Drug Testing FAQ
There is a lot of uncertainty and nervousness that goes along with drug testing. Many people do not understand the process, the different types of tests, their rights, or reasons behind drug tests. Really, there is nothing to be afraid of when it comes to a drug test unless you have done something wrong. They are usually painless and minimally invasive and take only a few minutes to take. Depending on the drug, several different types of tests can be used.
Drug testing can make almost anybody nervous, even if they have no reason to be. It is a peek into a person’s private life, into their personal self. And sometimes things tend to go wrong, results are misread and misconstrued for some reason or another. We have all heard the stories about the person who ate something with poppy seeds and then later tested positive for opiate use and got into trouble, or overheard somebody trying to scam their way out of getting caught with positive test results. Surely there is a market out there for the people who are trying to fool a test, as any search done on the internet will attest to with thousands of search results. So, what is the big deal about drug testing?

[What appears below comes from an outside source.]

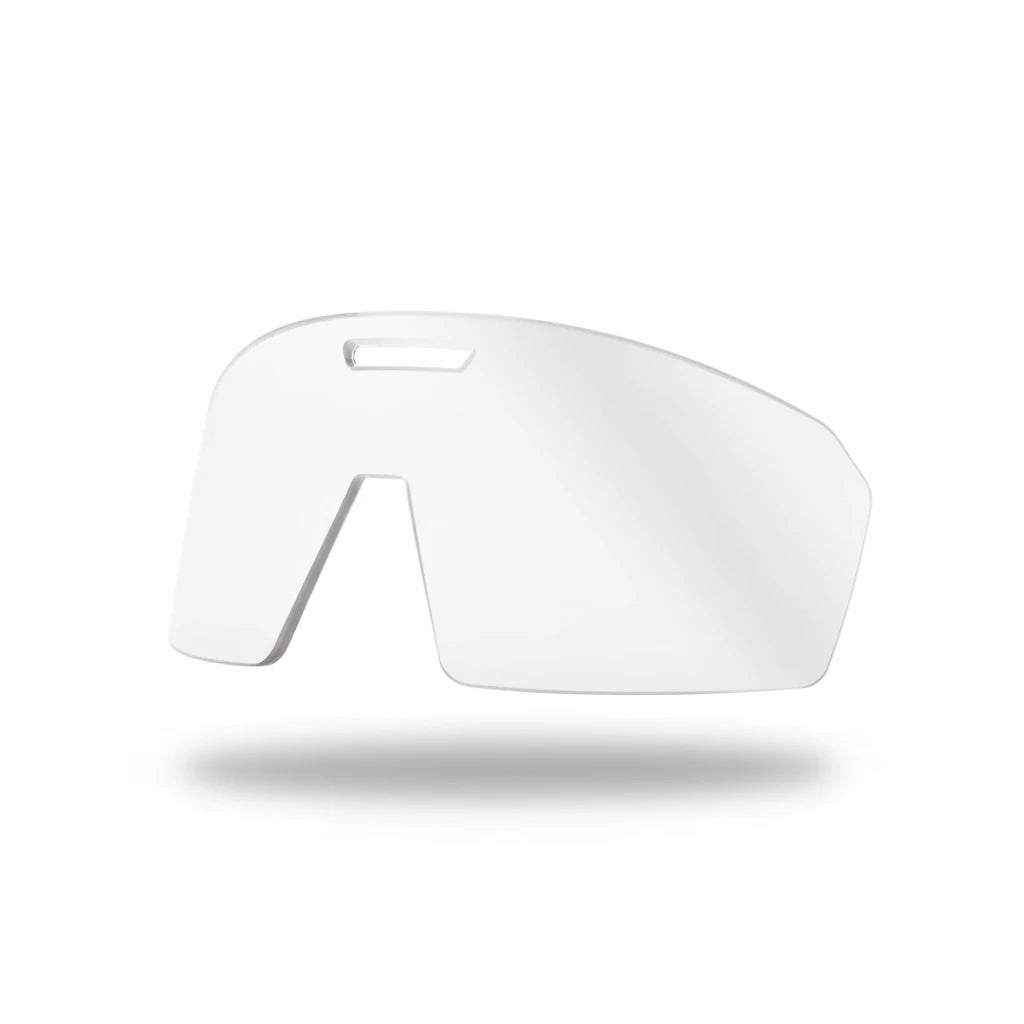Klare, gebogene Ersatzlinse für GATORZ Havok Schutzbrille mit Lüftungsschlitz oben links, nahtloses Design.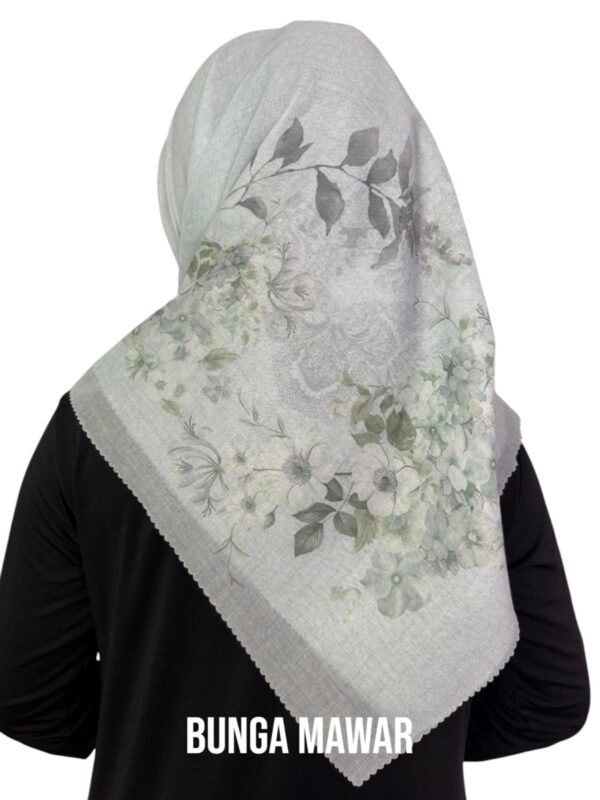 Segiempat Hijab Motif Bunga Mawar - Image 11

Really, there is nothing to be worried about if you have not done anything wrong. Drug tests for the most part are simple and non invasive. Most focus on collecting some form of body sample. The most common tend to collect urine or saliva. More complicated tests may involve blood or hair collection. The expense a company wants to go to will determine the type of test they will use, and the more expensive test used tends to also be more accurate. Drug and hair tests are virtually infallible and can detect anything in the body for a period of several months. Urine and saliva tests are not as reliable but are still fairly reliable.
How long a substance stays in the body depends on what it is. Drugs like alcohol, which are primarily water based, will remain only for a short duration and are flushed out via the kidneys and liver. A few days and a lot of water ingested will essentially clear out the toxins in the body that are traceable. Marijuana tends to bind to proteins and can be traced in the blood for months as well as in hair and in urine samples for a period of several weeks after use, especially for frequent users. Cocaine tends to eliminate itself a little quicker from the body, as does heroin and MDMA, but all of these drugs remain in hair for a long time. It is not possible to ‘clean out’ hair or blood, so picky employers may choose these methods which tend to be harder to fool.
There is a market out there for products to fool drug tests. If they work, or if home concoctions and recipes that can be found on the internet or in books work, is not guaranteed. But often these leave behind a residue which may also show up on a drug test to the detriment of the testee. Keep that in mind. Some employers have gotten wiser and even though drug tests have become more refined, may require more than one type of test. They might ask for a combination of blood and a hair sample, or saliva and blood, or anything, in case one possible route of testing has been altered. And to refuse one test type while willfully submitting to another looks very suspicious.
When going for a test of any sort, please remember to take any prescription medications along. You may be prescribed something that is a controlled substance, such as Xanax, that might set off something in the drug test. The testing place needs to be aware of any medications you are taking and it helps if they can see that you are legally prescribed something that might otherwise be considered a controlled substance. Pain medications will show up on a drug test and you do not want them to think you are taking heroin! Avoid any confusion and mishaps to this effect. And it is acceptable to ask questions regarding your medications. The internet can also be a great source, but don’t take everything at full value.